▸ WHAT TO DO:
Restate word for word the lines of the entries below, starting with the line that holds "2023 WHITE Kia" and ending with the line that holds "3419 NW Fairway", and no others.

▸ DATASET RECORDS:
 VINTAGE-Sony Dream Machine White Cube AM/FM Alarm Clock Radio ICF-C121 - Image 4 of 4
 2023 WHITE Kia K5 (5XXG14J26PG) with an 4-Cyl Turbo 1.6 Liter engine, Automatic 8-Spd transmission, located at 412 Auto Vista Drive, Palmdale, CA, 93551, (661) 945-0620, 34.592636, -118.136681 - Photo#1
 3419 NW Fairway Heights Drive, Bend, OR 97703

* * *

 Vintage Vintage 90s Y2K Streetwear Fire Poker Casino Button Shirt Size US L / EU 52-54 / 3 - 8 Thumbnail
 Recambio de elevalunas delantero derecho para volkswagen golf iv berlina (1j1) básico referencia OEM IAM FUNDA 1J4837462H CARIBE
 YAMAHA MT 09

▸ ANSWER BOX:
 2023 WHITE Kia K5 (5XXG14J26PG) with an 4-Cyl Turbo 1.6 Liter engine, Automatic 8-Spd transmission, located at 412 Auto Vista Drive, Palmdale, CA, 93551, (661) 945-0620, 34.592636, -118.136681 - Photo#1
 3419 NW Fairway Heights Drive, Bend, OR 97703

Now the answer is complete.